AIM OF THE TASK — What is needed is a word-for-word copy of all the entries, minus the pictures.

(Web page caption snippets)
☆ ☆ ☆ ☆
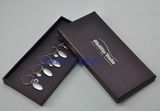 Customized Logo Wine Charms as Promotional Gift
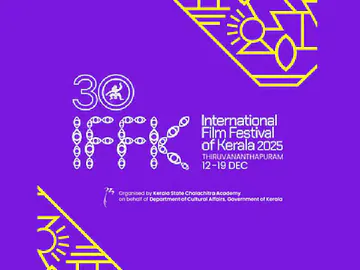  തലസ്ഥാനം ഇനി സിനിമാ ലഹരിയിലേക്ക്; 30-ാമത് രാജ്യാന്തര ചലച്ചിത്ര മേളയ്ക്ക് അരങ്ങൊരുങ്ങുന്നു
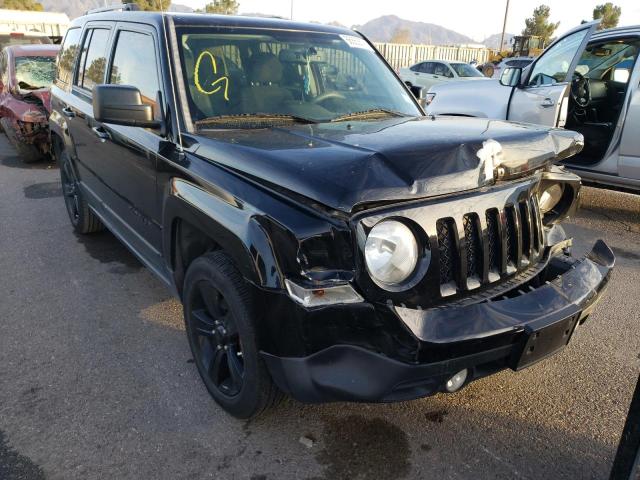 JEEP PATRIOT SP 2015 1c4njpba8fd430054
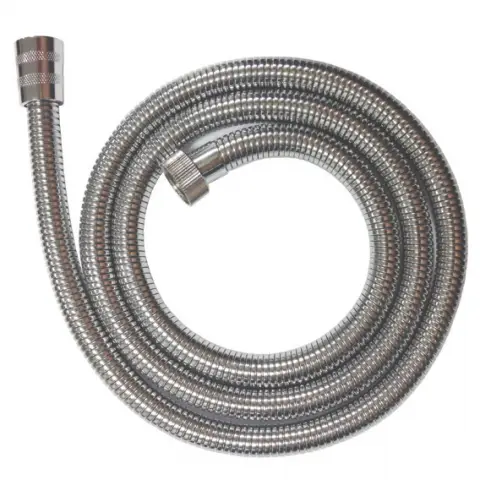 Luxury Shower Hose 10mm Bore 1.2m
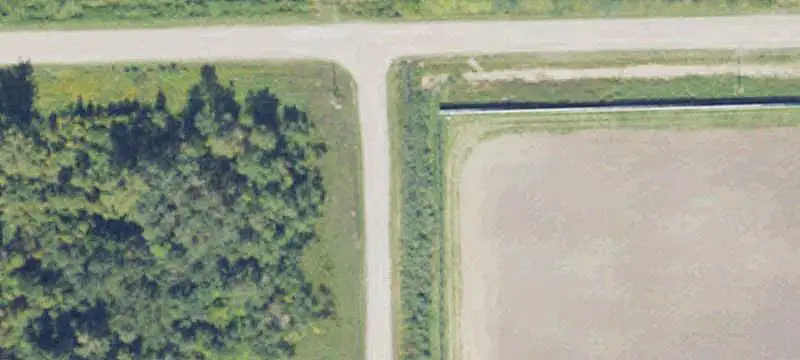 Wooded Hunting Land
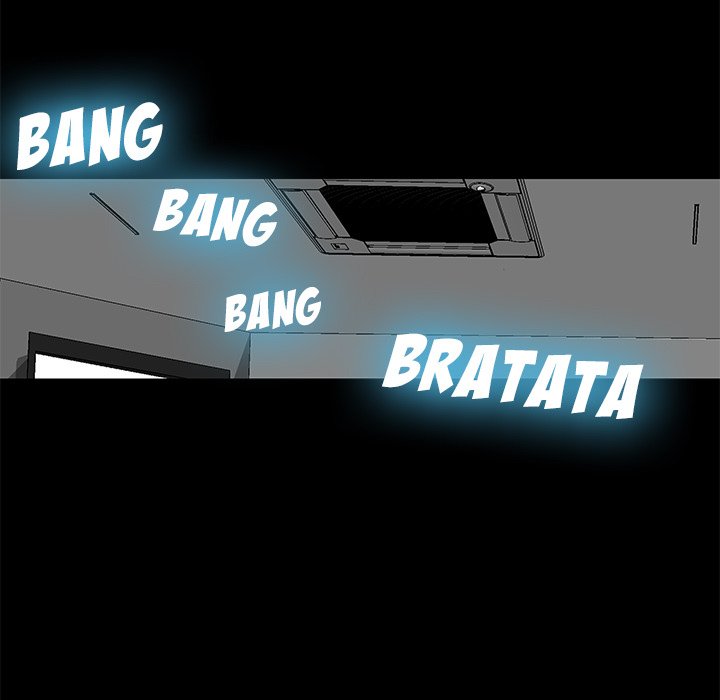 Project Utopia - Chapter 177 [photo 6] - MangaPorn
☆ ☆ ☆ ☆
WRITTEN RESPONSE —
 Customized Logo Wine Charms as Promotional Gift
  തലസ്ഥാനം ഇനി സിനിമാ ലഹരിയിലേക്ക്; 30-ാമത് രാജ്യാന്തര ചലച്ചിത്ര മേളയ്ക്ക് അരങ്ങൊരുങ്ങുന്നു
 JEEP PATRIOT SP 2015 1c4njpba8fd430054
 Luxury Shower Hose 10mm Bore 1.2m
 Wooded Hunting Land
 Project Utopia - Chapter 177 [photo 6] - MangaPorn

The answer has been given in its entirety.